Percentile outliers data cleaning


I have a timeseries of values defined in a metric, and I need to do some outliers cleaning by removing the bottom 5th percentile and top 95th percentile.
I would like to use the expression engine function, but I can’t figure out a way to do this.


        "id": "InternalTemperature",
        "name": "InternalTemperature",
        "expression": " -- filter out extreme values -- ",
        "description": "The value of the clean temperature."

Thank you,

  1. When you say “bottom 5th percentile and top 95th percentile”, this refers to the entire evaluation period, right? For example, if the interval is DAY from 2018-01-01 to 2019-01-01, you want to remove the bottom 5% and top 5% of 365 data points?

  2. If this is the case, are you fine with the thresholds (5%, 95%) being different just because the “start” and “end” are different? because start and end are different -> data points are different -> thresholds are different

  3. When you say “remove”, what do you mean? Mark them as 0? [-99, 1, 1, 1, 1, 1, 99] to be [0, 1, 1,1, 1, 1, 0]?

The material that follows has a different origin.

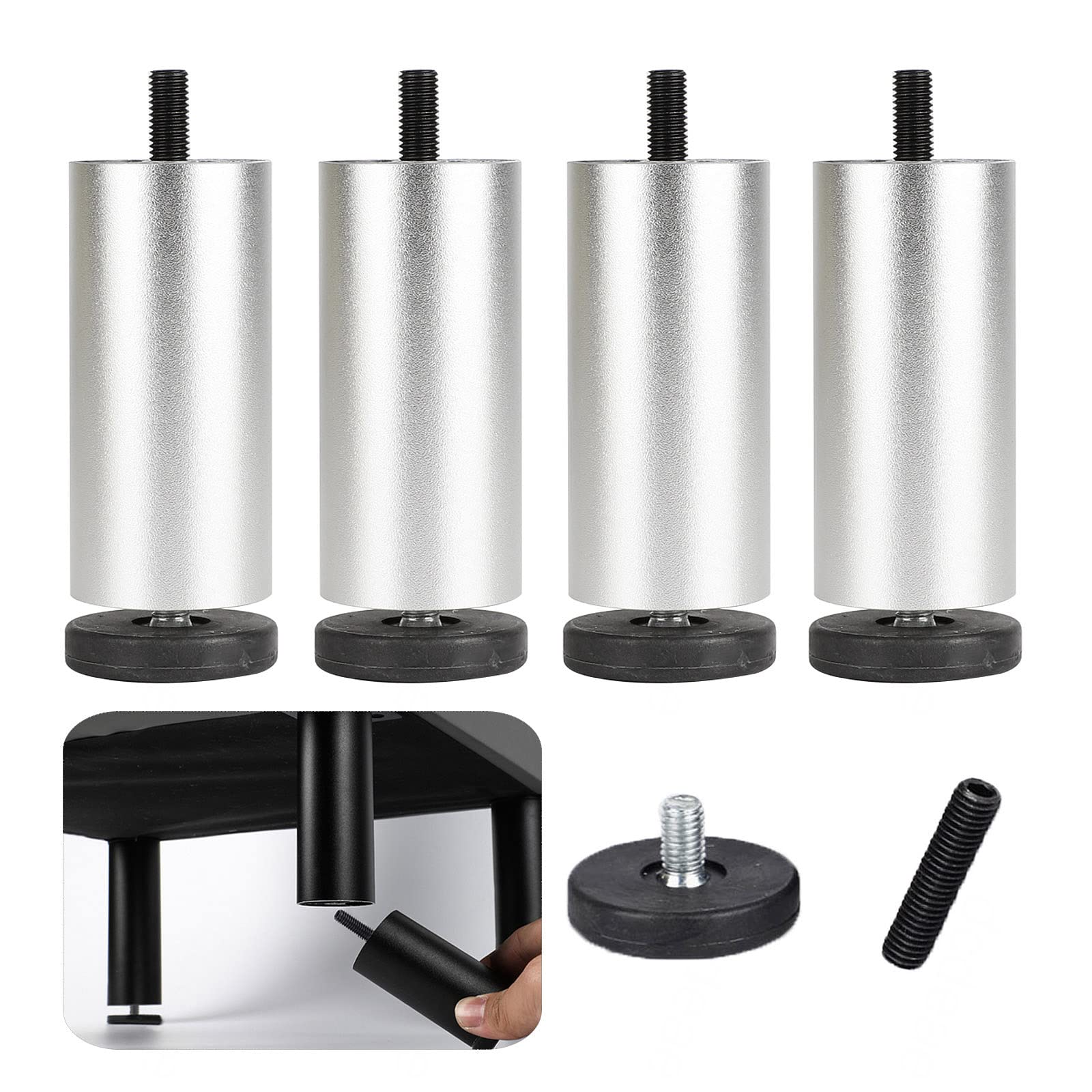 Kgudys Silver Metal Sofa Legs, Aluminum Alloy Furniture Legs, 4-Pcs Cylindrical Support Legs, 6/10/15/20/25/30Cm Thickened Replacement Furniture Legs Armchair Cabinet Feet, M8 Bolts,-15Cm/5.9In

1 + 2. Yes, Yes (this serie represents the target value in my dataset, I will always take the largest period)
3. Ok, it’s good to transform them into 0s or any constant value.

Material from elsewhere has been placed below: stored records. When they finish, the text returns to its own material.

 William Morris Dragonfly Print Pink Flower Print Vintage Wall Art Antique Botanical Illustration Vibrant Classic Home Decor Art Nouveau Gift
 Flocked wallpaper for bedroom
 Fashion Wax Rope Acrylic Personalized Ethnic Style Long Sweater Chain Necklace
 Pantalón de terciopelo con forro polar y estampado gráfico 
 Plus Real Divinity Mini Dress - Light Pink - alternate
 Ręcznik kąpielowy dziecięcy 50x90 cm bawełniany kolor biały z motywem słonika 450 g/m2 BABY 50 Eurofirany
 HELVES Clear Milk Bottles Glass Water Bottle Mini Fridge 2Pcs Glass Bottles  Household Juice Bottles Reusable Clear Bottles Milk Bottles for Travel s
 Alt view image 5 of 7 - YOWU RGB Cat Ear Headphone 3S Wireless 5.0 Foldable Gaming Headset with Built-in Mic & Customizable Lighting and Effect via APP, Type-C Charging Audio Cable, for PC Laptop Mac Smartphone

This to me is not a typical timeseries manipulation, more like an array manipulation. I think a combination of tsDecl simple metrics and compound metrics can achieve this task. If you are working on External Types, then use actionDecl.

How does your expression look like?
Have you looked at the “percentile” function in the expression engine function library?

We also have a function called removeOutliers in the expression engine function library that applies a moving median window and a moving median absolute deviation to remove outliers. You might want to look into it as well.